* [Input material]
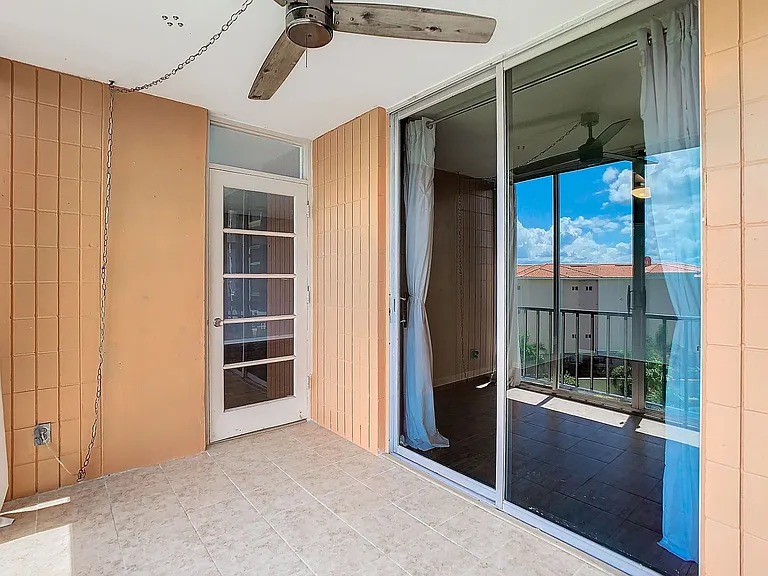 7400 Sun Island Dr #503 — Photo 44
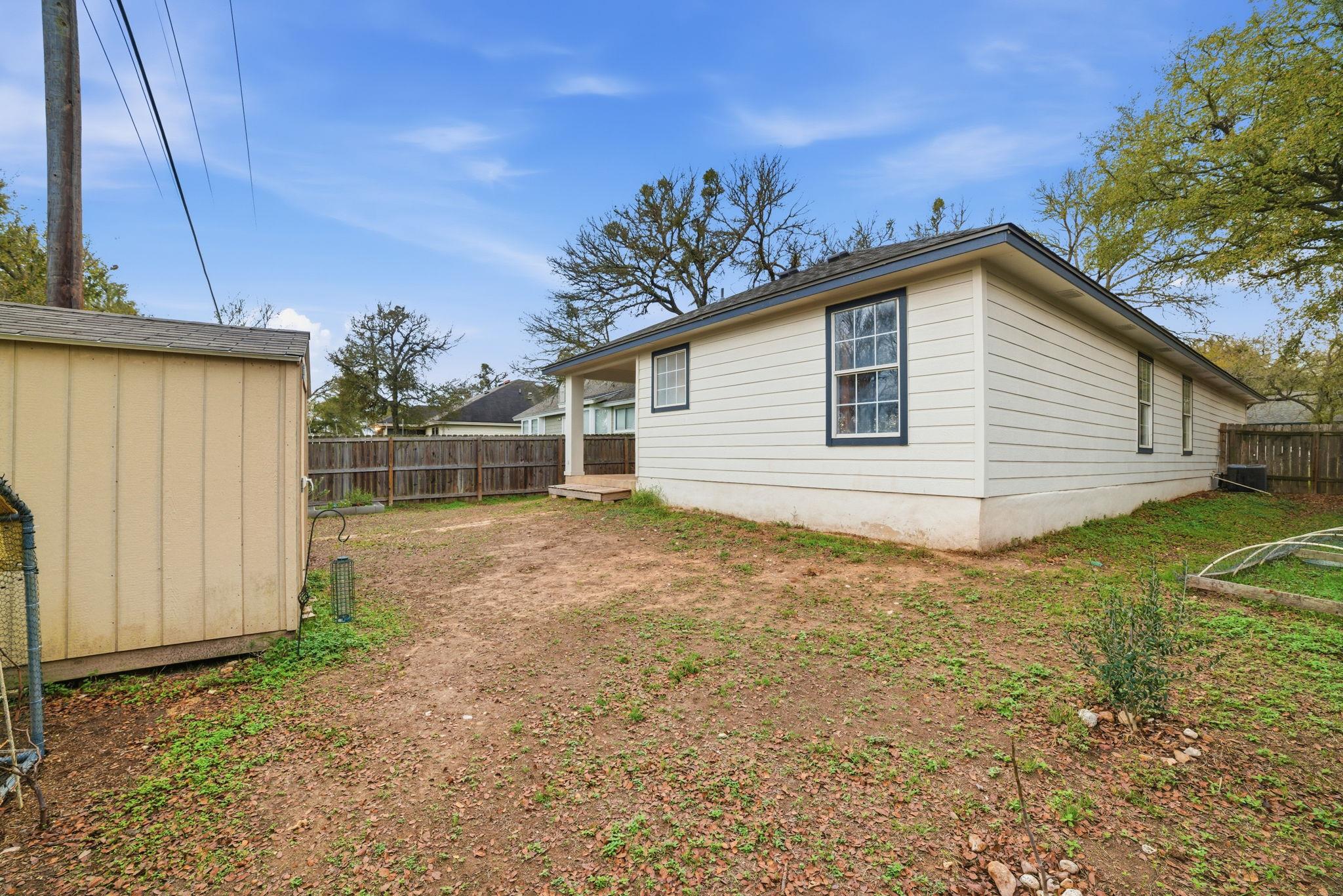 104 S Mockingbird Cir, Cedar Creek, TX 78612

---

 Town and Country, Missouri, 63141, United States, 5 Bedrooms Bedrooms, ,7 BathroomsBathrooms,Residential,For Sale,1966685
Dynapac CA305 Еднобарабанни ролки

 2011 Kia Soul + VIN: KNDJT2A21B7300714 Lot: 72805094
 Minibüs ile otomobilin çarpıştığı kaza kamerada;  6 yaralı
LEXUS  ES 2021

...

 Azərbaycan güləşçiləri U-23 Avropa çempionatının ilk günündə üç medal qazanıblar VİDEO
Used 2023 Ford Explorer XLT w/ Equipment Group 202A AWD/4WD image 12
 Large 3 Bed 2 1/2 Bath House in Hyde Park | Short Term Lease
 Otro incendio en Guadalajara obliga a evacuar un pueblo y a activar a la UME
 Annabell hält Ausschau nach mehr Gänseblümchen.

* [Assignment] Please write out, exactly as they appear above, only the lines in the stretch from the line with "Large 3 Bed" through the line with "Annabell hält Ausschau".

* [Solution to this problem]
 Large 3 Bed 2 1/2 Bath House in Hyde Park | Short Term Lease
 Otro incendio en Guadalajara obliga a evacuar un pueblo y a activar a la UME
 Annabell hält Ausschau nach mehr Gänseblümchen.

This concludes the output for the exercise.